Arriviamo al 2007 dove entra in gioco Mehmedalija: cosciente della storia più recente della Slovenia e del fatto che nella pulizia etnica dei Balcani aveva perso tutti i parenti maschi della sua famiglia, gli viene affidata una missione dal governo. Deve recarsi nella miniera, che verrà poi ribattezzata dalla popolazione “miniera crudele” e che fino ad allora era rimasta sigillata, per fare luce sulle voci dei presunti resti delle vittime della carneficina risalenti al conflitto mondiale.

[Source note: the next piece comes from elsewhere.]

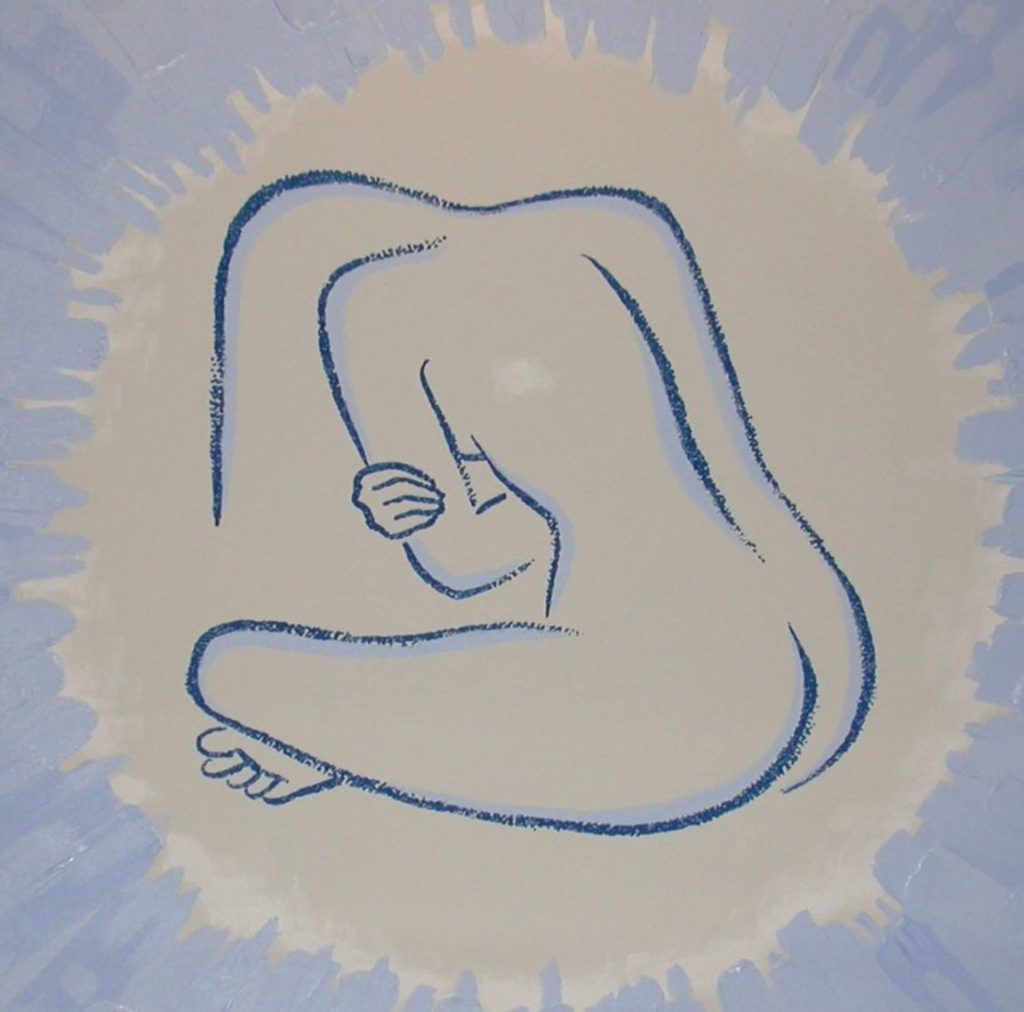 a drawing of a woman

Due anni di scavi e 11 barriere ermetiche lo portarono a scoprire i corpi mummificati di quelle vittime e cancellati dalla Storia dal governo dell’allora Jugoslavia comunista. All’improvviso, Mehmedalija si trasformò nell’uomo che aveva riportato a galla i traumi della Slovenia del XX secolo e costretto tutti a trovarsi faccia a faccia con i fantasmi di un passato oscuro, crudele e inumano.

Le autorità – non che ci sia da stupirsi – si rifiutarono di dare troppo peso alla cosa. Nonostante le continue richieste del coraggioso minatore di riesumare i corpi per identificarli, tutt’oggi ne rimangono ancora più di settecento nell’Ossario delle miniere. Il coraggio e la determinazione di Mehmedalija, deciso a non lasciare che questo pezzo di Storia venisse nuovamente dimenticato, era una diretta minaccia al potere, così le autorità lo screditarono e tagliarono la sua pensione per farlo zittire. Per fortuna, le minacce non sono servite a niente: Mehmedalija ha continuato a raccontare cosa aveva scoperto, sempre in nome della verità e della giustizia, e solo in anni recenti il suo impegno è stato riconosciuto anche dalle autorità.